= Data for analysis =
■ ■ ■ ■ ■

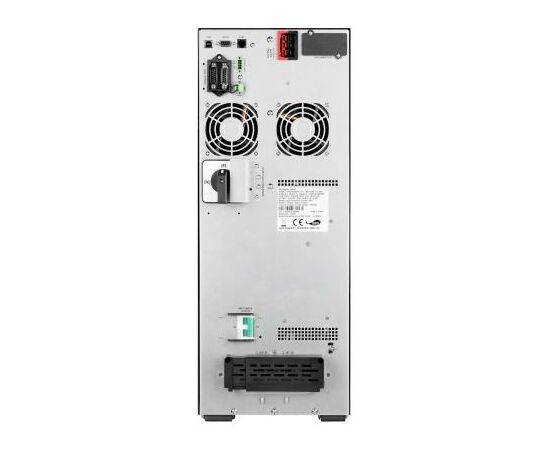Источник бесперебойного питания PowerWalker VFI 6000 TGB PF1 (10122124), изображение 4 Источник бесперебойного питания PowerWalker VFI 6000 TGB PF1 (10122124), изображение 4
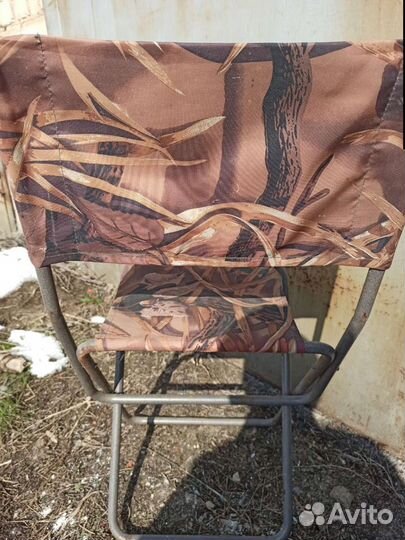 Стул складной походный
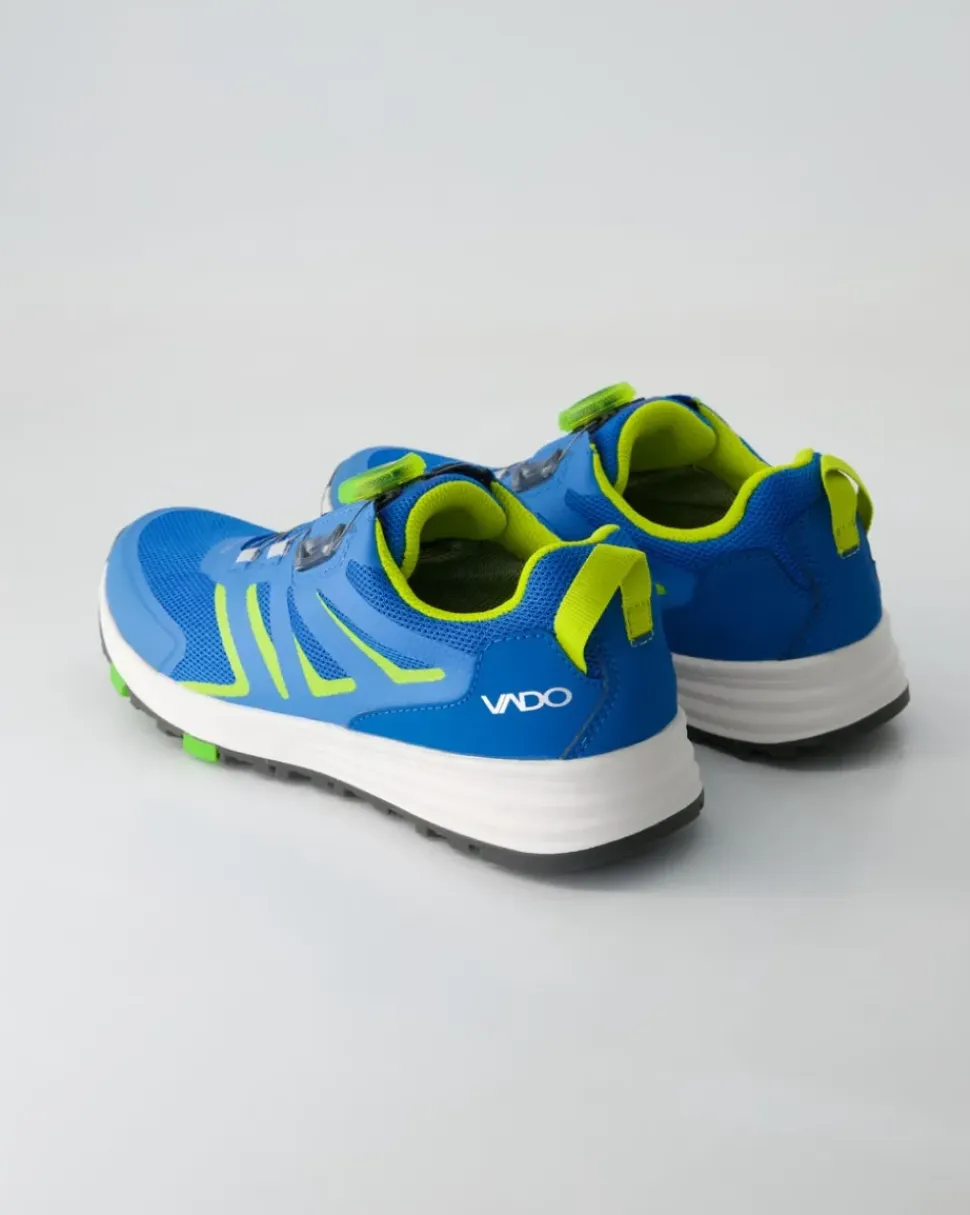FREE Lo BOA GTX Sneaker in Blau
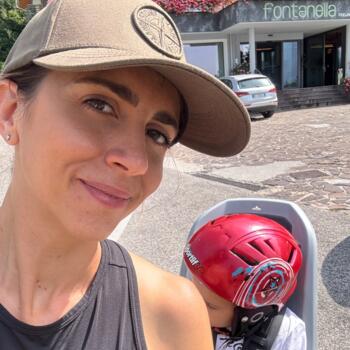 Job de garde d'enfants à Milan: job de garde d'enfants Federica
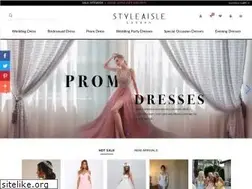 Sites similar to styleaisle.co.uk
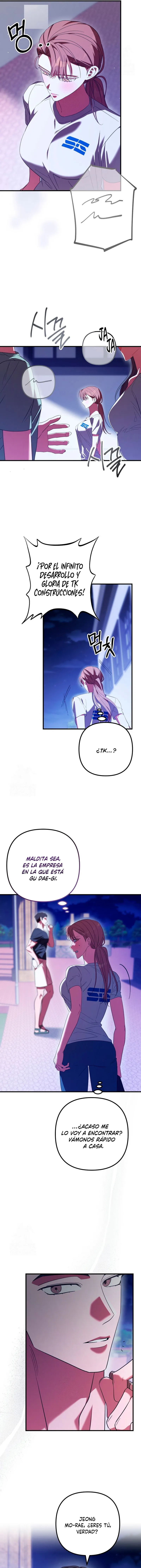 Oficina de Culpables Capítulo 19 - Page 6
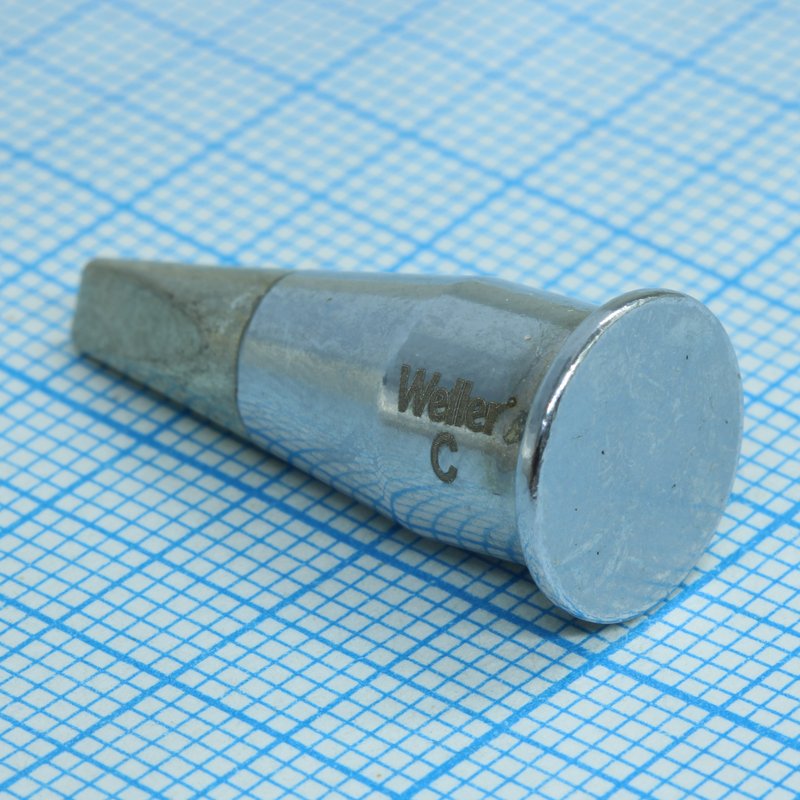 LHT C soldering tip 3,2mm Weller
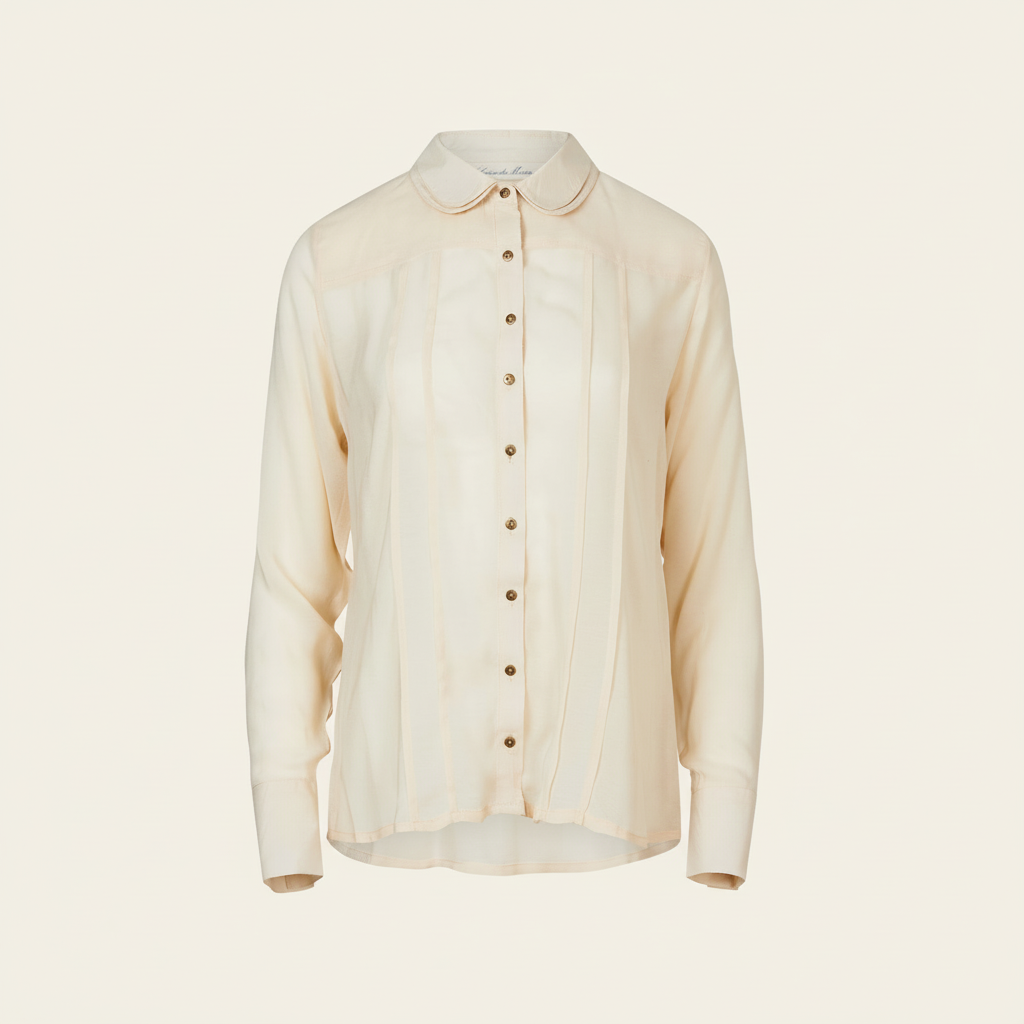 Collier Blouse Ecru - Edited 3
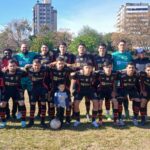 Com vitória por 2 a 1 sobre o 13 de Abril, o Milan confirmou presença na Liga da Primavera. Créditos: Jairo Souza/JC.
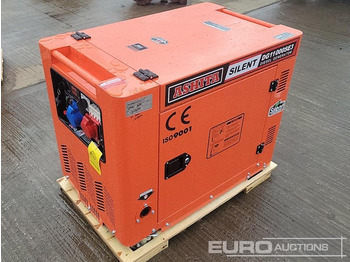 Generator electric ASHITA POWER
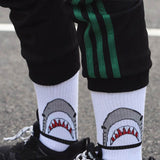 Cartoon Streetwear Socks Skateboard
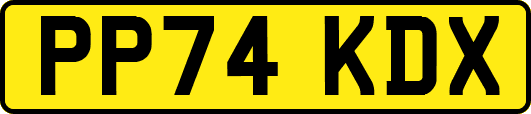 PP74KDX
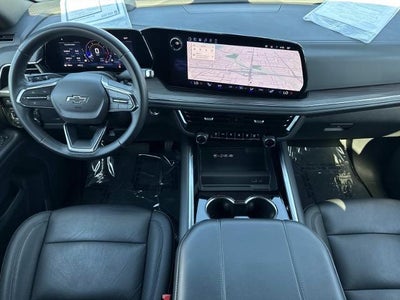 2025 Chevrolet Tahoe Z71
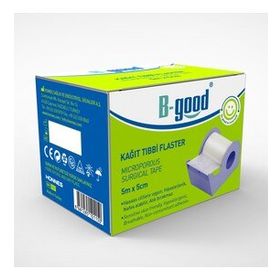 B-Good 5 mX5 cm Kağıt Tıbbi Flaster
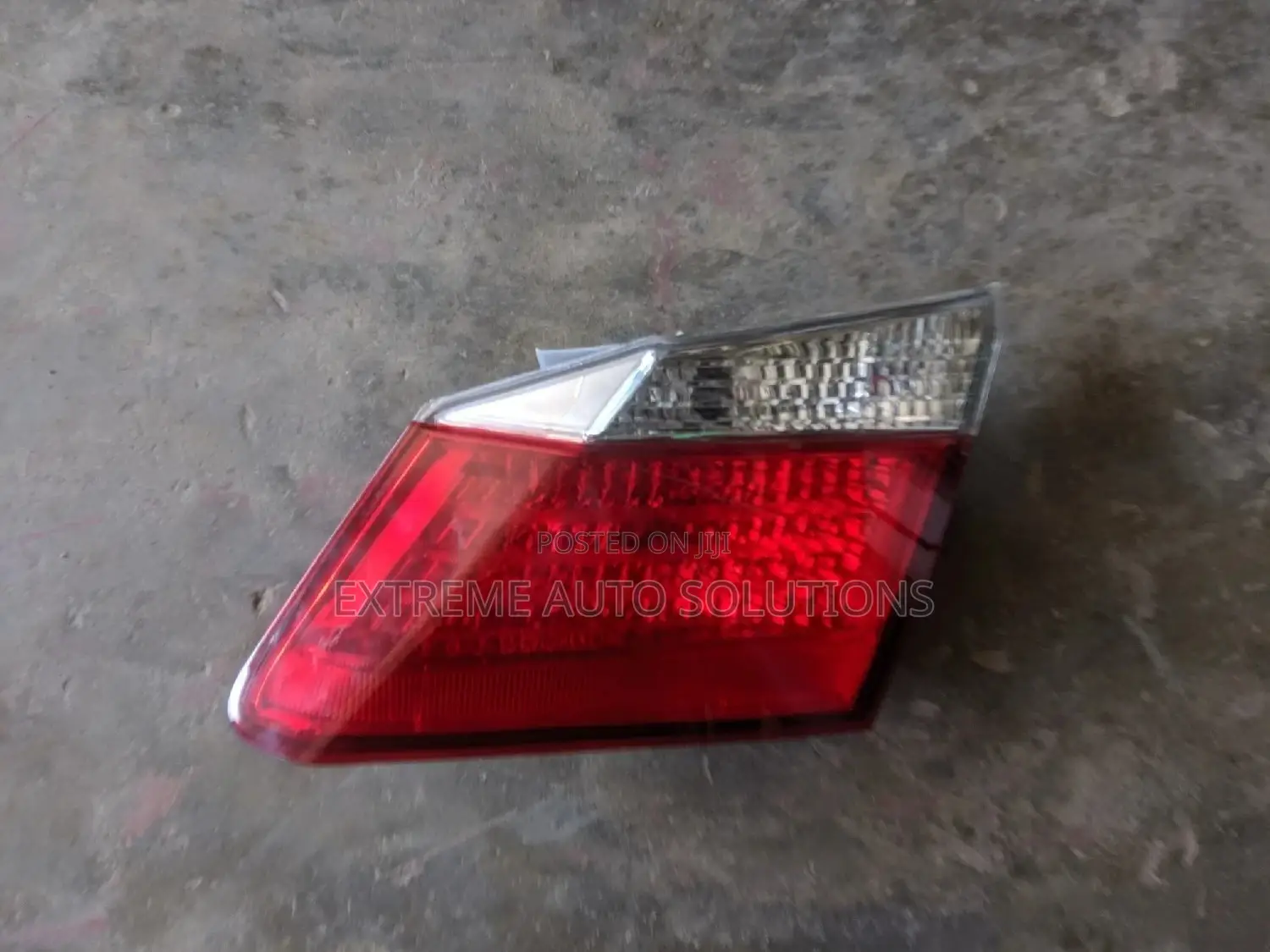 Honda Accord 2014 Boot Light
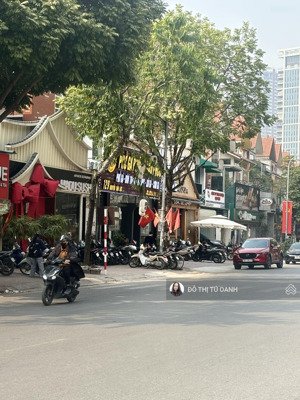 hàng chính chủ bán biệt thự làng việt kiều châu âu mỗ lao hà đông, ô góc, kinh doanh, nhỉnh 40 tỷ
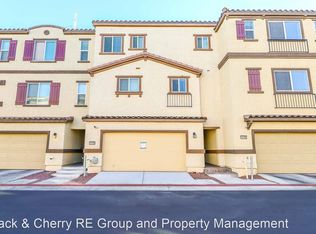 1525 Spiced Wine Ave UNIT 18105, Henderson, NV 89074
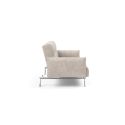 Divano letto con braccioli Jillis Arms - 280 Avella Sand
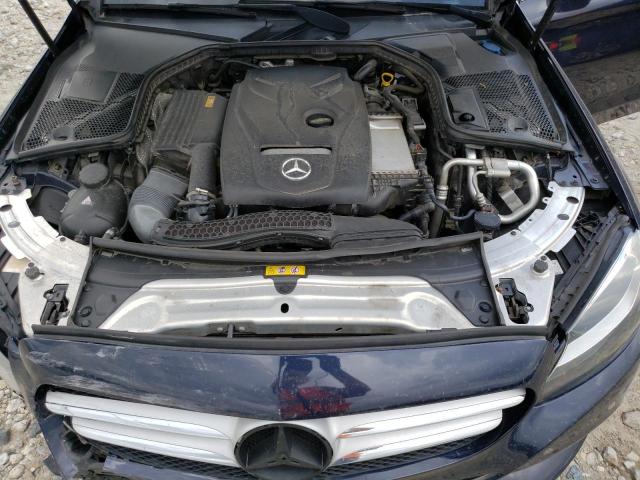 VIN 55SWF4KB1HU216840 2017 Mercedes-Benz C-Class, 3... no.11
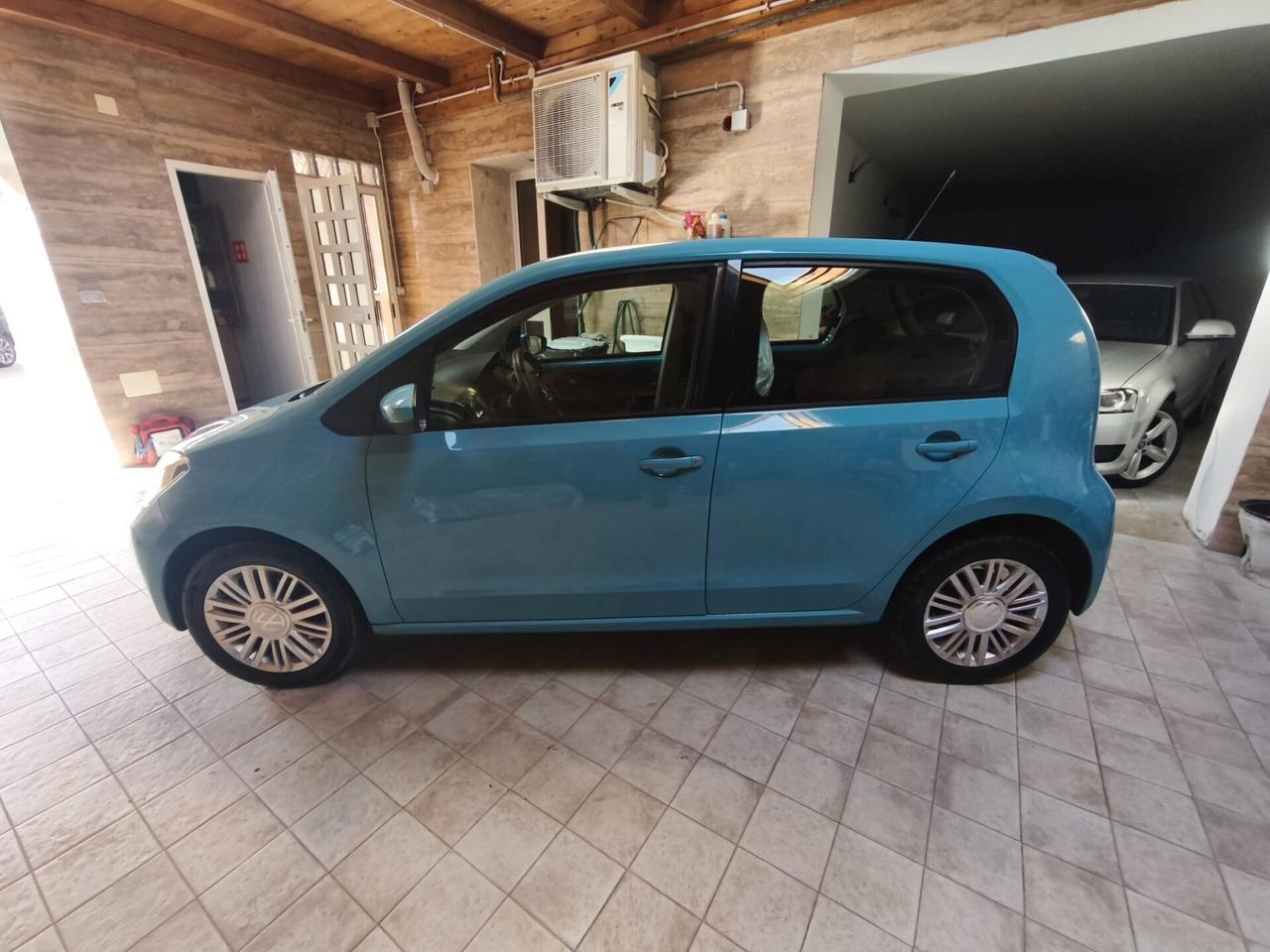 Volkswagen up! 1.0 3p. EVO move BlueMotion Technology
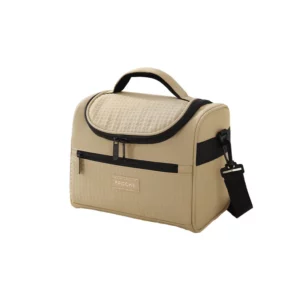 New Tote Cooler Lunch Bags Portable Outdoor Picnic Office School Insulation Bag with Shoulder Strap Lunch Box for Women - Image 6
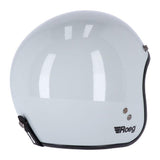 Roeg JETT helmet - Thunder clouds - MOTOCCINO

■ ■ ■ ■ ■

= Directions =
Without changing a word, transcribe all of the data and omit its images.

= The completed task =
Источник бесперебойного питания PowerWalker VFI 6000 TGB PF1 (10122124), изображение 4 Источник бесперебойного питания PowerWalker VFI 6000 TGB PF1 (10122124), изображение 4
 Стул складной походный
FREE Lo BOA GTX Sneaker in Blau
 Job de garde d'enfants à Milan: job de garde d'enfants Federica
 Sites similar to styleaisle.co.uk
 Oficina de Culpables Capítulo 19 - Page 6
 LHT C soldering tip 3,2mm Weller
 Collier Blouse Ecru - Edited 3
 Com vitória por 2 a 1 sobre o 13 de Abril, o Milan confirmou presença na Liga da Primavera. Créditos: Jairo Souza/JC.
 Generator electric ASHITA POWER
 Cartoon Streetwear Socks Skateboard
 PP74KDX
 2025 Chevrolet Tahoe Z71
 B-Good 5 mX5 cm Kağıt Tıbbi Flaster
 Honda Accord 2014 Boot Light
 hàng chính chủ bán biệt thự làng việt kiều châu âu mỗ lao hà đông, ô góc, kinh doanh, nhỉnh 40 tỷ
 1525 Spiced Wine Ave UNIT 18105, Henderson, NV 89074
 Divano letto con braccioli Jillis Arms - 280 Avella Sand
 VIN 55SWF4KB1HU216840 2017 Mercedes-Benz C-Class, 3... no.11
 Volkswagen up! 1.0 3p. EVO move BlueMotion Technology
 New Tote Cooler Lunch Bags Portable Outdoor Picnic Office School Insulation Bag with Shoulder Strap Lunch Box for Women - Image 6
 Roeg JETT helmet - Thunder clouds - MOTOCCINO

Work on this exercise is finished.